Jehovah's Witnesses was founded in 1879 in Pittsburgh, Pennsylvania.

Charles Taze Russell (1852-1916) was one of the prominent founders. Jehovah's Witnesses number 7.3 million worldwide, with the largest concentration, 1.2 million, in the United States. The religion has more than 105,000 congregations with a presence in 236 countries. The church's text includes the New World Translation of the Bible, The Watchtower magazine and Awake! Magazine.

The Governing Body, a group of experienced elders, oversees the church's activities from world headquarters in Brooklyn, New York. In addition, more than 100 branch offices around the world print and ship Bible literature and also direct the organizing of the preaching work. About 20 congregations form a circuit; 10 circuits form a district.

Notable members of the church include Don A. Adams, current president of the Watchtower Society, Venus and Serena Williams, Prince, Naomi Campbell, Ja Rule, Selena, Michael Jackson, Wayans brothers and sisters, Mickey Spillane.

Jehovah's Witnesses Beliefs and Practices

Jehovah's Witnesses hold services on Sunday and twice during the week, in a Kingdom Hall, an unadorned building. Worship services begin and end with prayer and may include singing. While all members are considered ministers, an elder or overseer conducts services and usually gives a sermon on a Bible topic.

Congregations usually number fewer than 200 people. Baptism by immersion is practiced.

Witnesses also gather once a year for a two-day circuit assembly and annually for a three or four-day district assembly. About once every five years, members from around the world get together in a major city for an international convention.

Jehovah's Witnesses reject the Trinity and believe that hell does not exist. They believe all condemned souls are annihilated. They hold that only 144,000 people will go to heaven, while the rest of saved humanity will live on a restored earth.
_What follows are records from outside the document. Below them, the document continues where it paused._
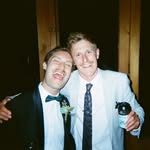 Michael Button - @mbutt0n - Instagram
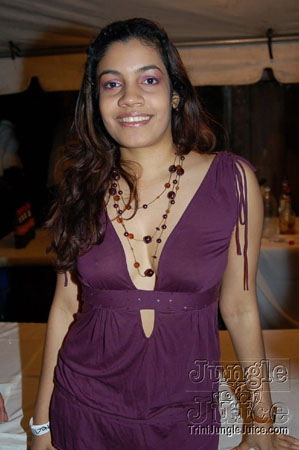 mania_2007-04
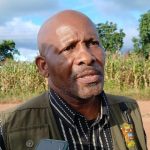 MHRRC and Chiefs Praise Communities for School Development MHRRC and Chiefs Praise Communities for School Development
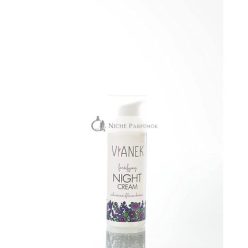 Vianek Éjszakai Krém, 50ml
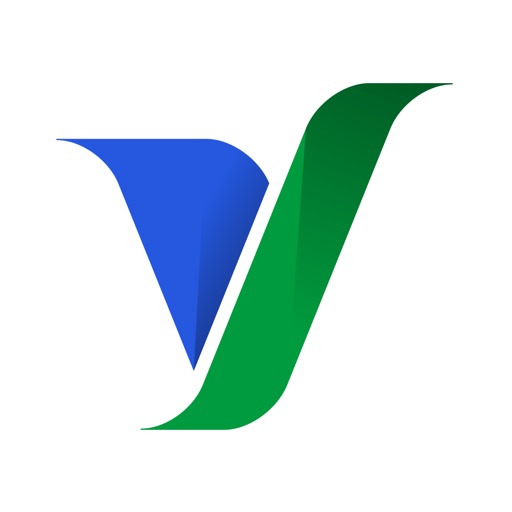 Via Verde Estacionar app icon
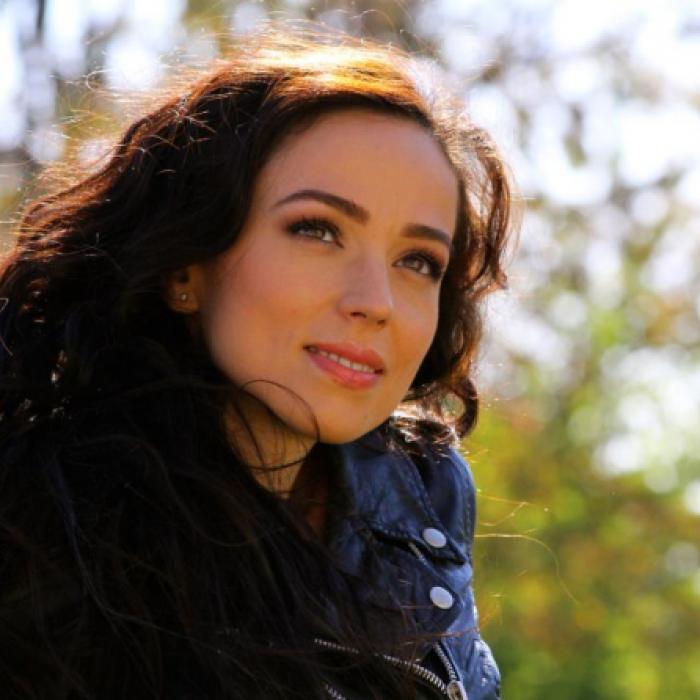 Olivia Steer se retrage din social media: "Mi-am pierdut jobul și nu m-a angajat nimeni"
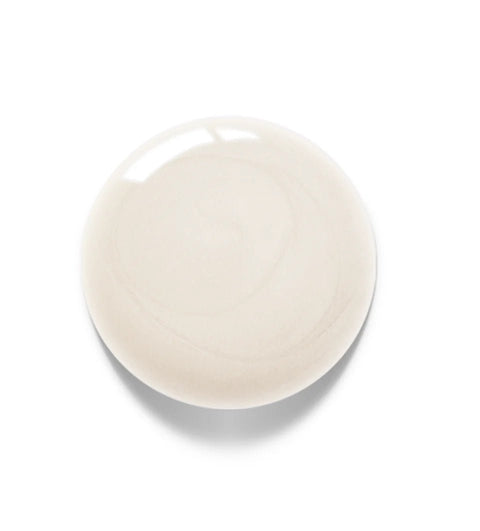 Luxio Proposal (Shimmer) - DK BEAUTY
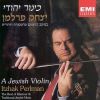 Download track 04 - A Yiddishe Mamme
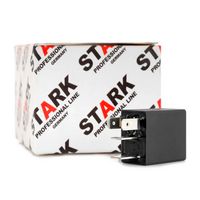 Stark SKRGP2190001 - Relé, sistema de precalentamiento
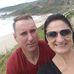 Paula Lange - Facebook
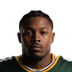 Josh Jacobs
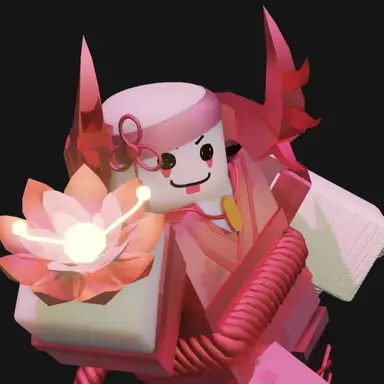 Profile image of 바인 스태프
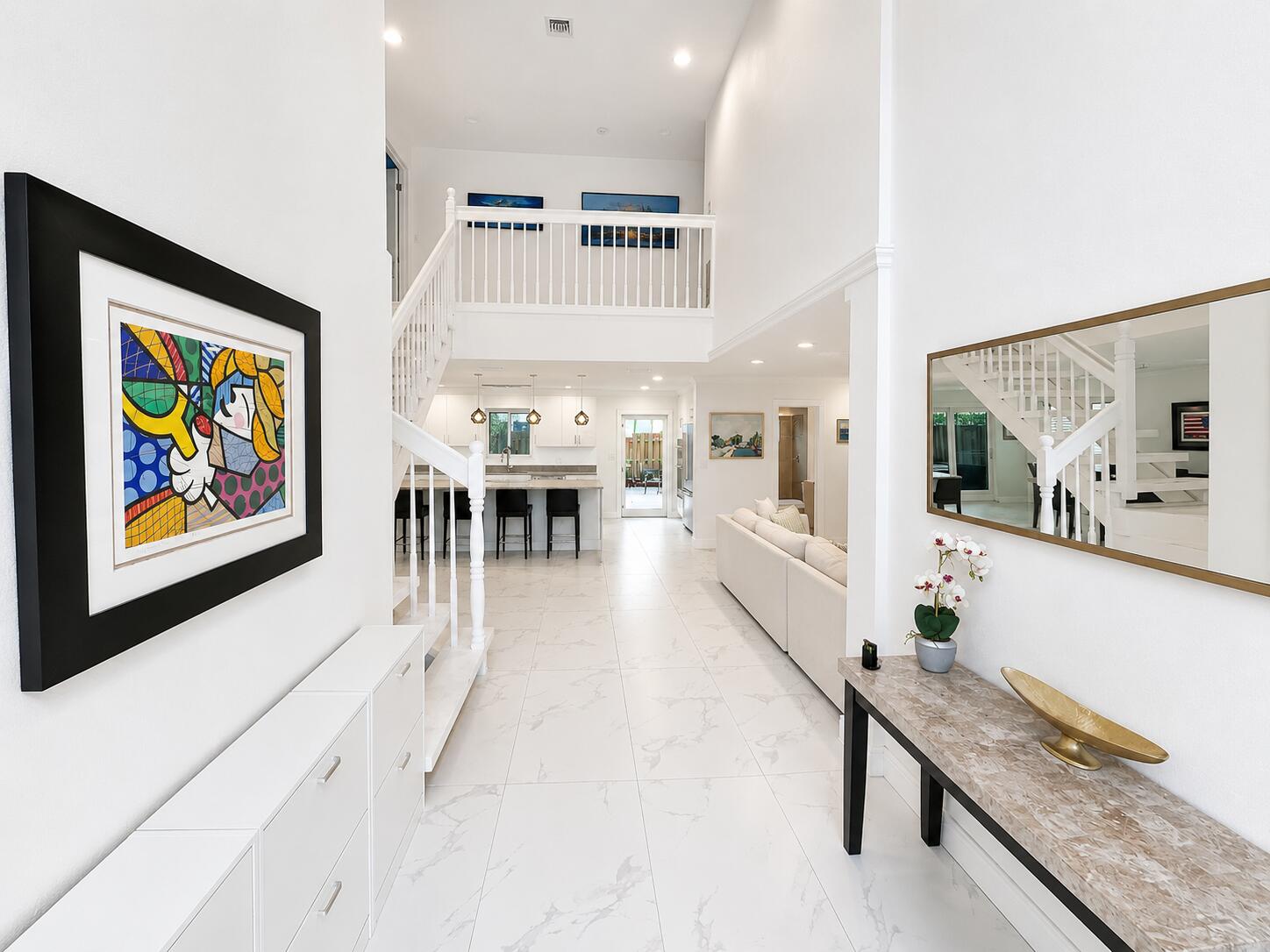 301 NW 26th Court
Jehovah's Witnesses do not receive blood transfusions. They are conscientious objectors as far as military service and do not participate in politics. They do not celebrate any non-Witness holidays. They reject the cross as a pagan symbol. Each Kingdom Hall is assigned a territory for evangelization, and meticulous records are kept noting contacts, tracts distributed, and discussions held.